A Real Time Detector for Low Energy Neutrinos

Borexino is a particle physics experiment performed by an international collaboration in the “Hall C” of the Laboratori Nazionali del Gran Sasso (LNGS).  The Borexino physics program is centered on solar neutrino, but also includes other relevant topics in low background neutrino detection (including geoneutrinos) and underground physics.
Borexino Detector

The Borexino detector is a large, low background liquid scintillator detector designed to reveal low energy (sub-MeV) neutrinos in real time.  It was built with the main goals of performing solar neutrinos spectroscopy and to measure the 7Be neutrino flux from the Sun.

The very low energy threshold needed to achieve such goals in turn required an extreme radiopurity of the detector (at least 10 orders of magnitude better than in typical natural conditions).  Nothing is standard in Borexino: all detector parts and components had to be developed ad hoc, with all involved materials carefully selected for radiopurity (measurements were made with germanium detectors and mass spectrometers). Everything had to go through clean rooms (five were built around the detector).
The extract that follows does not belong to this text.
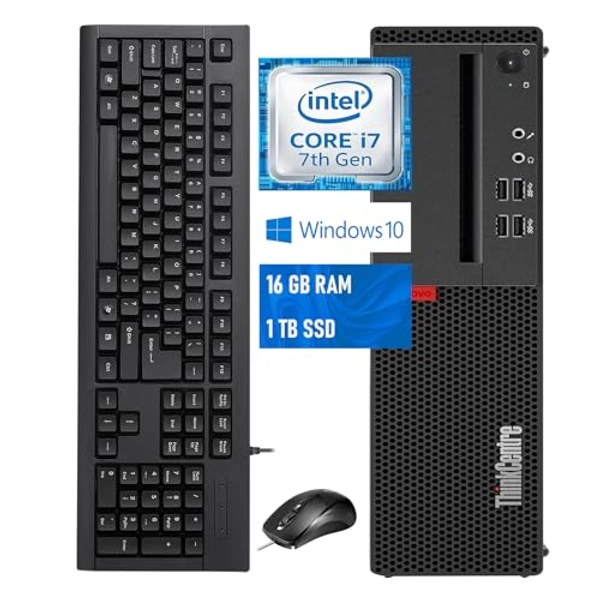 Lenovo ThinkCentre M710s SFF Home and Business Desktop Computer with Wired Keyboard and Mouse, Core i7-7700 3.6GHz,16 GB RAM, 1 TB SSD, Wi-Fi, Bluetooth, Windows 10 Pro (Renewed)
The inside of the detector itself have been equipped as a clean room. The welds were TIG in nitrogen or argon atmosphere, all surfaces were pickled and passivated, the nitrogen for stripping was cryogenically purified, etc.
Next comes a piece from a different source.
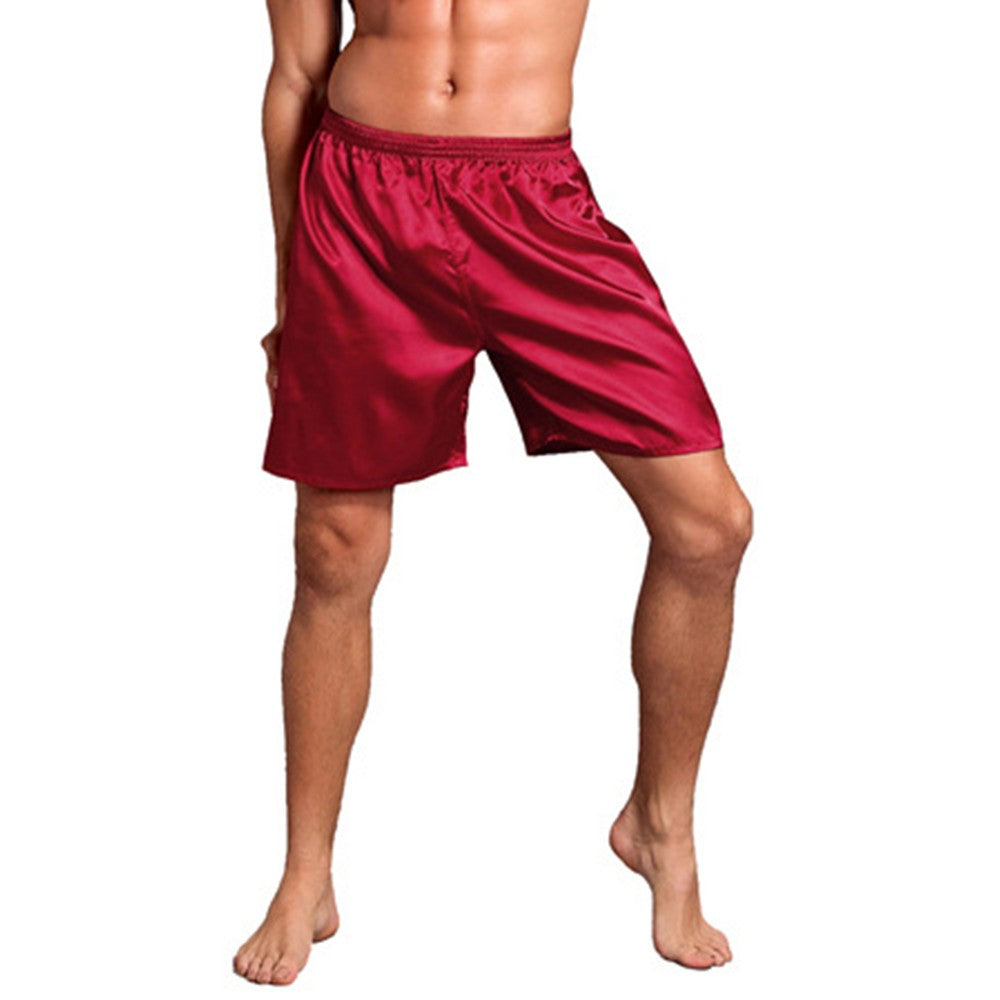 Men Casual Home Nightwear Silk Satin Pajamas Shorts Soft Pyjamas Pants Sleep Comfortable Bottoms Solid Color Breathable Boxer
A Borexino prototype, called the Counting Test Facility (CTF), has been built and operated in the Hall C of LNGS between 1994 and ’96.  This (now dismantled) detector demonstrated the achievement of ultra-low count rates (radiopurity of the order of 10-16g/g of 238U equivalent) on the several-ton scale.
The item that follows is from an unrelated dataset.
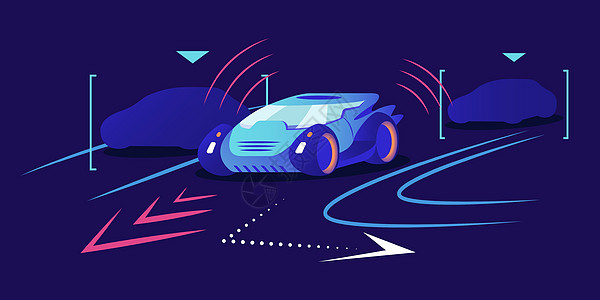 无人驾驶汽车平面彩色矢量插图 蓝色背景下的自主运输自驾车 智能电动汽车在城市交通中的自主导航 智能定位系统图片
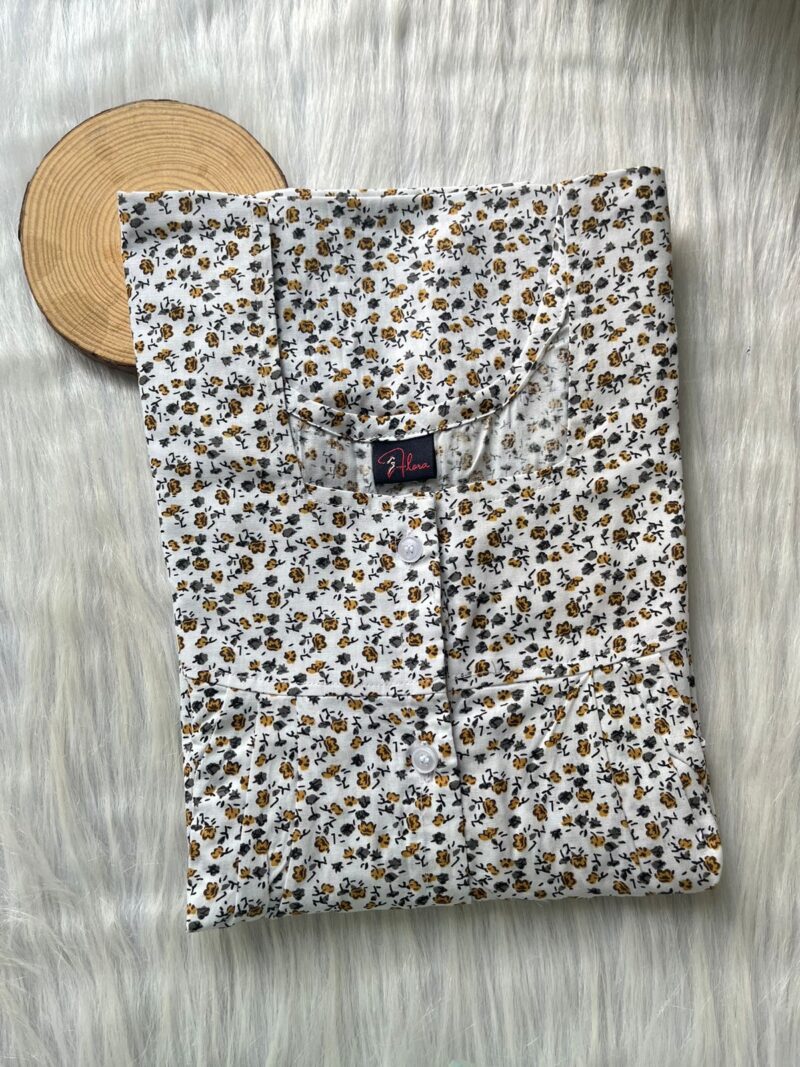 Pleated Full Open Button Nighty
The Borexino detector have been built on the CTF experience. Construction have been completed on May 15, 2007.  The first data acquisition (DAQ) run with the full detector was started on May 16, 2007.  The last DAQ run (#36744) have been stopped on Oct 7, 2021 @ 11:26 am CET, and the detector decommissioning has begun.

The extraordinary radiopurity achieved by Borexino (unprecedented for such a large detector), further improved over the years, have made it possible to accomplish not only its primary goals but also to produce many other interesting results both within and beyond the Standard Model of particle physics.

A selection of the experimental data acquired and analysed by the Borexino collaboration for some of our publications has been made freely available as “Open Data”.